─── DATA EXCERPTS
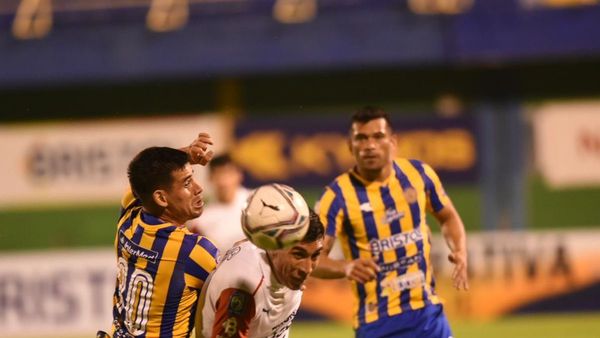 Miguel Samudio, feliz por su retorno al fútbol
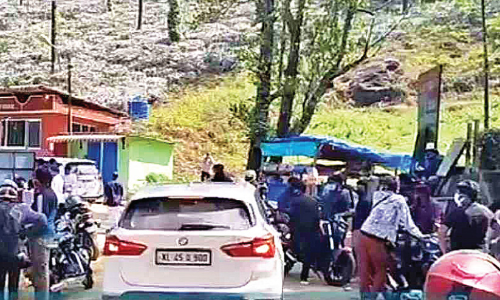 വിനോദസഞ്ചാരികൾക്ക് വാൽപ്പാറയിൽ വീണ്ടും നിയന്ത്രണം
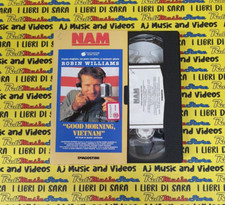 VHS*film GOOD MORNING VIETNAM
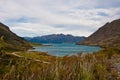 Famous Lake Hawea Royalty Free Stock Photo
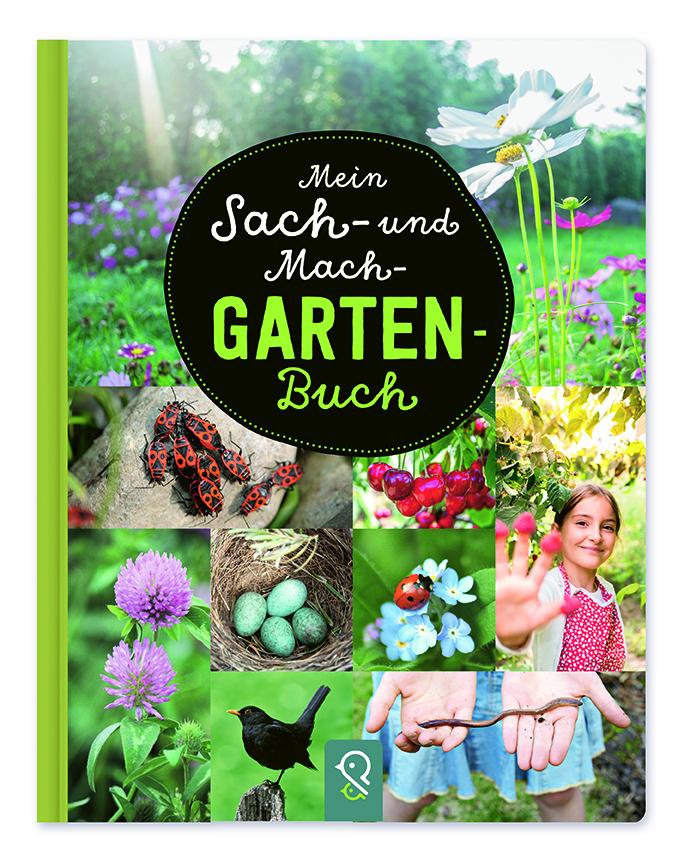 Vorderes Coverbild Mein Sach- und Mach-Garten-Buch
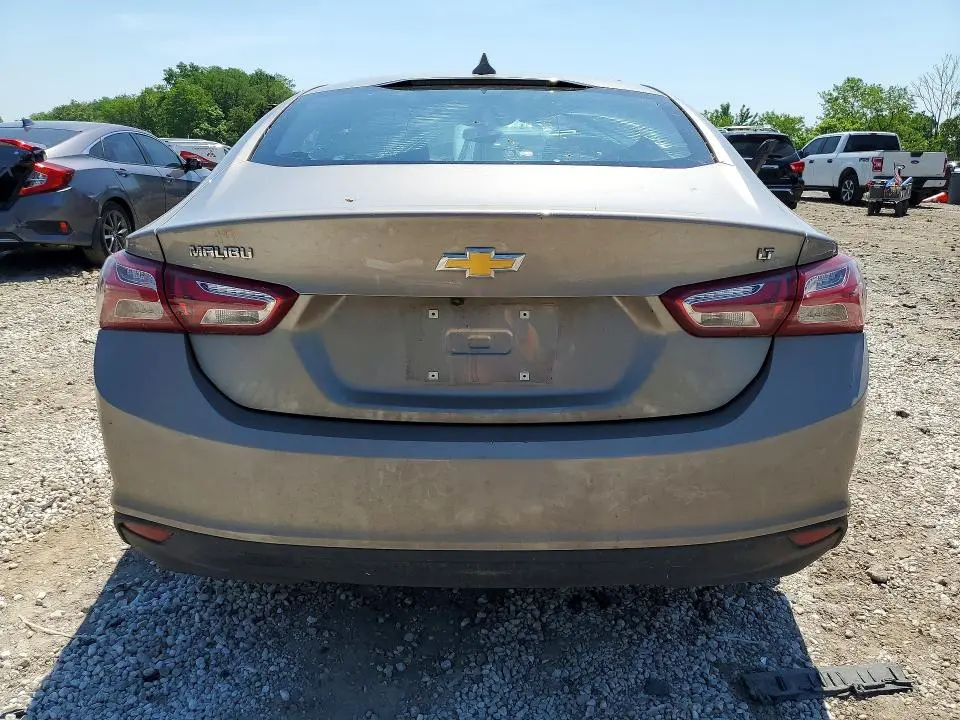 2022 CHEVROLET MALIBU LT  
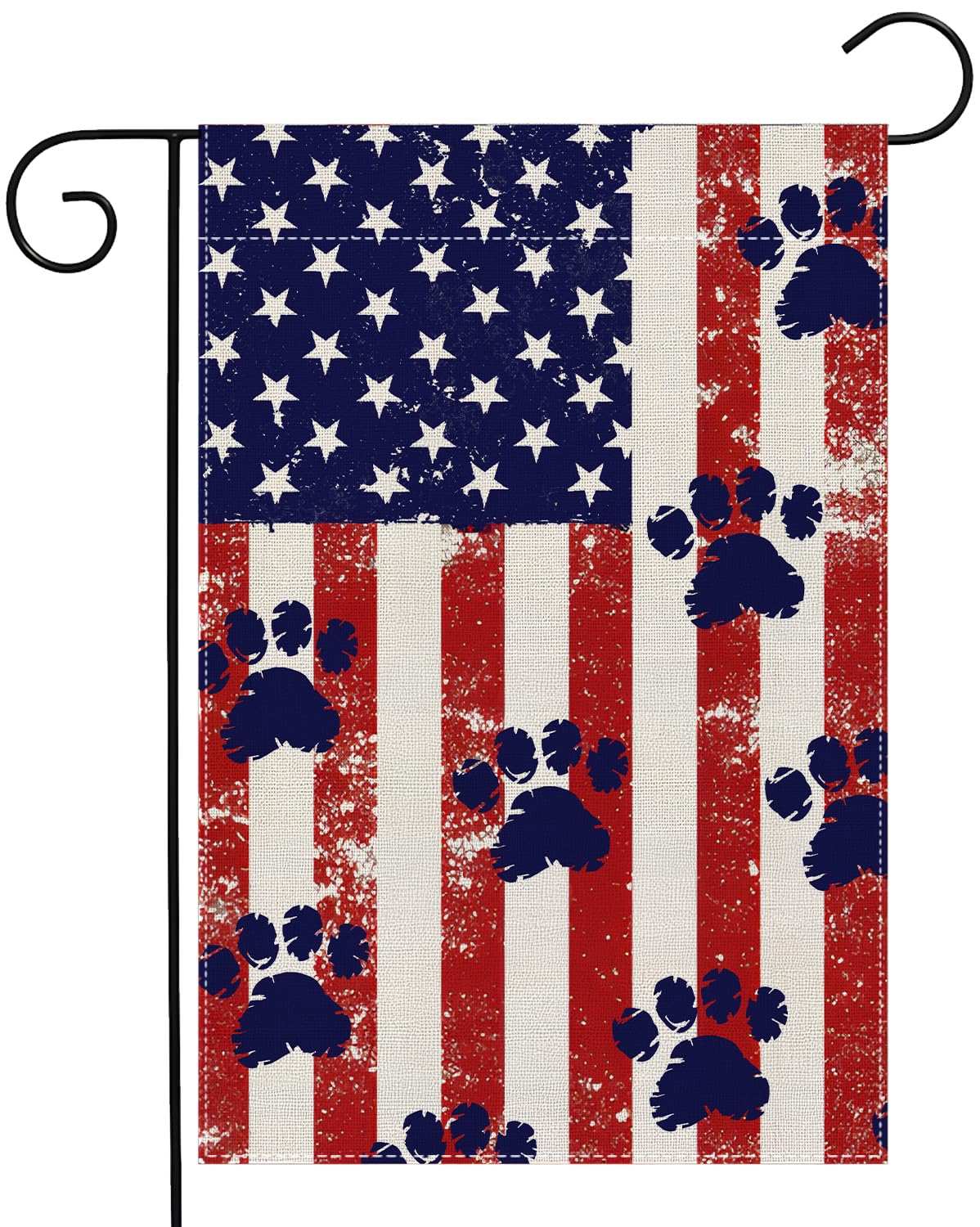 RBAFAO Welcome double-sided flag visible from both sides for inviting outdoor decor.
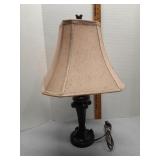 table lamp w/ shade - approx 23" tall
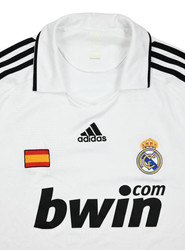 2008-09 REAL MADRID KOSZULKA L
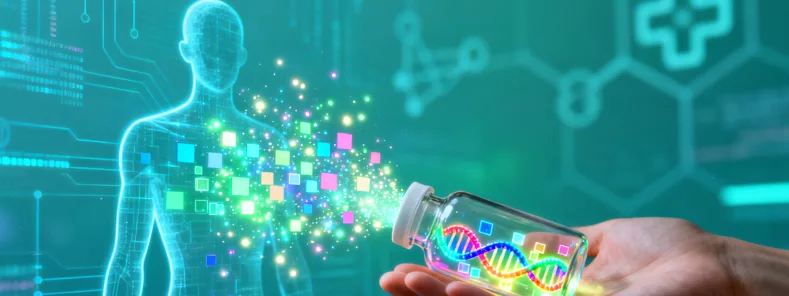 大脑情绪相关区域(杏仁核、前额叶)示意图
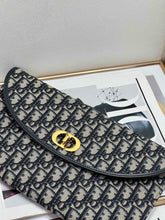 Load image into Gallery viewer, DR435 30 Montaigne Avenue Pouch with Flap / HIGHEST QUALITY VERSION / 12 x 7 x 1 inches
──────
WORK ITEM:
If a picture falls within the span, leave it out, and reproduce exactly the lines from the one containing "2022 CHEVROLET MALIBU LT" through the end of the material, and no others.

EXERCISE SOLUTION:
 2022 CHEVROLET MALIBU LT  
 RBAFAO Welcome double-sided flag visible from both sides for inviting outdoor decor.
 table lamp w/ shade - approx 23" tall
 2008-09 REAL MADRID KOSZULKA L
 大脑情绪相关区域(杏仁核、前额叶)示意图
 Load image into Gallery viewer, DR435 30 Montaigne Avenue Pouch with Flap / HIGHEST QUALITY VERSION / 12 x 7 x 1 inches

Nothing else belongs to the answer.